Penafsiran atas wahyu Allah yang berbeda bisa berdampak pada ketidak-sesuaian
dengan kehendak Allah sendiri.
Berangkat
dari dua premis di atas, maka bisalah dikatakan bahwa kutipan ayat Al-Qur’an di atas merupakan kata-kata Allah sendiri. Memang
harus diakui juga bahwa apa yang tertulis itu tidaklah sepenuhnya merupakan
perkataan Allah. Kata ‘Muhammad’ yang ada dalam tanda kurung (2 kali) merupakan
tambahan kemudian yang berasal dari tangan-tangan manusia. Artinya, kata
tersebut tidak pernah diucapkan Allah saat Dia menyampaikan wahyu ini kepada
Muhammad. Melihat dan membaca teks di atas, orang langsung menemukan pembenaran
wahyu Allah, yaitu wahyu Allah jelas dan mudah. Dengan sangat mudah orang
menafsirkan kalimat Allah di atas sebagai berikut: “Muhammad itu tidak gila dan
hanya seorang pemberi peringatan yang jelas.” Sangat sederhana.

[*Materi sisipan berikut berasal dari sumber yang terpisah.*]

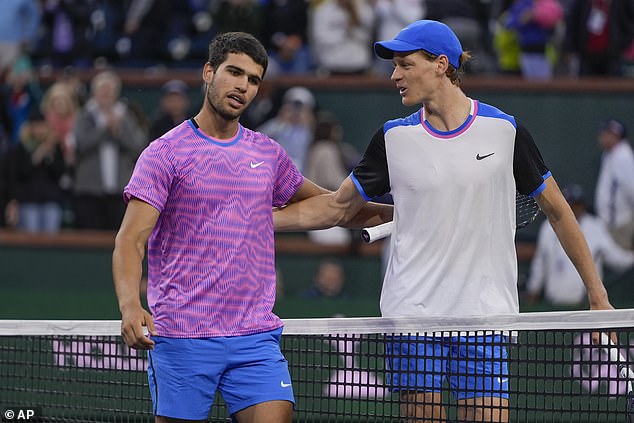 Djokovic berharap penambahan Murray ke dalam pasukannya akan membantunya merampas semula tempat di puncak kejohanan lelaki, di hadapan Carlos Alcaraz (kiri) dan Jannik Sinner (kanan).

Akan tetapi, kalau kita menempatkan kutipan kalimat di atas pada konteksnya, maka langsung ditemukan keanehan dan masalah. Konteks wahyu Allah dalam Al-Qur’an adalah Allah berbicara dan Muhammad mendengar. Allah menyampaikan wahyu-Nya hanya kepada Muhammad. Jadi, ketika Allah menyampaikan kutipan ayat di atas, Muhammad adalah lawan bicaranya. Karena itu, secara logika dan juga secara linguistik, tafsiran bahwa yang tidak gila dan sebagai pemberi peringatan itu Muhammad adalah salah besar. Menafsirkan dengan Muhammad itu berarti tidak sesuai dengan kehendak Allah, karena bukan itu maksud Allah. Dapat dipastikan yang tidak gila dan sebagai pemberi peringatan itu bukanlah Muhammad. Jika yang dimaksud itu adalah Muhammad, seharusnya Allah berkata, “Dan apakah mereka tidak merenungkan bahwa engkau tidak gila. Engkau tidak lain hanyalah seorang pemberi peringatan yang jelas.”